WILLIAM HOOKER STRING 3 – A Postcard From The Road

New Atlantis

William Hooker: drums; Dave Ross, Edward Ricart: electric guitars.

(Reviewer’s note: apparently, the promo download that was utilized for this report contained incorrect file titles; I didn’t find a coincidence with the track list and the descriptions indicated by the press release. Thus my opinions are expressed on the merely acoustic basis of what I received, without associations to names.)

Nothing better than a sip of William Hooker’s unadulterated potions to restore some faith in our belief that producing music that doesn’t wink to commercial jazz is still feasible in certain spheres. This non-exactly-hi-fi CD documents a live performance from a trio formed by Hooker in 2012, occasionally augmented by saxophonist Glen Hall.

The record is opened by a drum solo where one instantly tastes the grit and the earthly qualities of Hooker’s approach. The guitars adhere later on in reiterative configurations, halfway through African polyrhythm and King Crimson-ish interlocking patterns, lively energies expressed with no trouble.

A sort of guitar-centred raga appears, not really stylish but quite earnest in spite of a rather peaceful sax melody entering the picture. Timbres get altered by heavy processing until a modicum of controlled mayhem ends the episode. In another cut, percussively subdued chords are followed by nonfigurative effects, dissonant oscillation upon which Hooker wanders smoothly, ultimately generating a compelling outcome not equivalent to anything else. We also enjoy a duo for sax and drums, played around fragments of phrases intertwined with the leader’s enthusiastically pumping heart. A stimulating pulsation flowing into snippets of veritable free jazz.

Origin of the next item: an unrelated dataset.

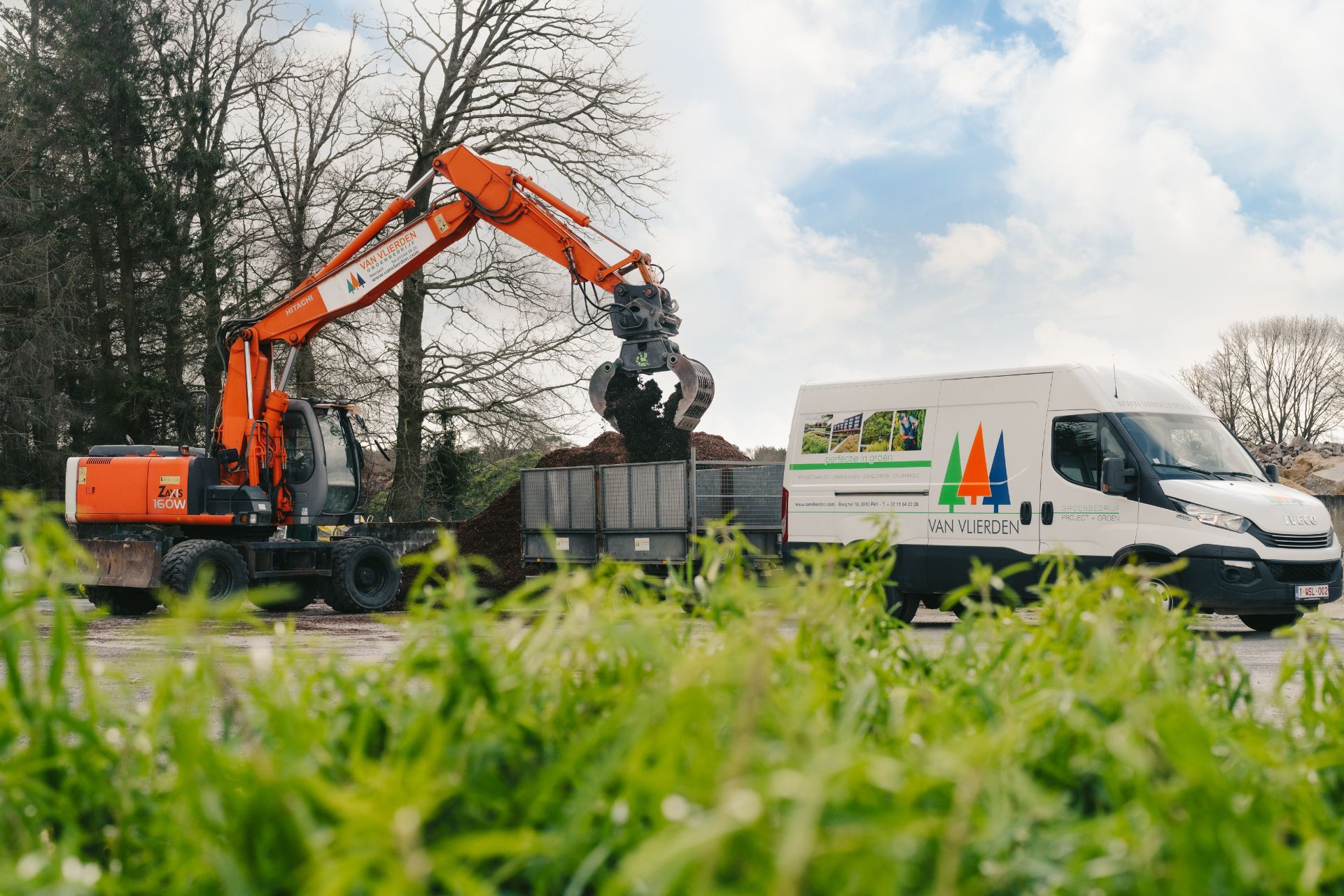 Vacature chauffeur meewerkend tuinaanlegger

Elsewhere, vague reminiscences of Elliott Sharp’s Carbon in a free-for-all mask are found in an overpowering mass of sound, not very detailed but effective nonetheless, an ascension to orgasmic chaos defining the finale.

Beautiful chord suggestions are distinguished by atonal hues and bluesy accents. Then, a thunderous entrance by Hooker and the others maneuvers the improvisation towards a convincing harmolodic environment.

The last track I listened to represents an ideal exposition of the trio’s cultured rawness, various stylistic influences merging in a vibrant communion. The players’ eagerness is so substantial that we do not need caring about exactitude or perfect intelligibility, benefiting from the music’s overall vibe first and foremost.

Wrong titles or else, when all is said and done this is an outstanding album gifted with sincere passion.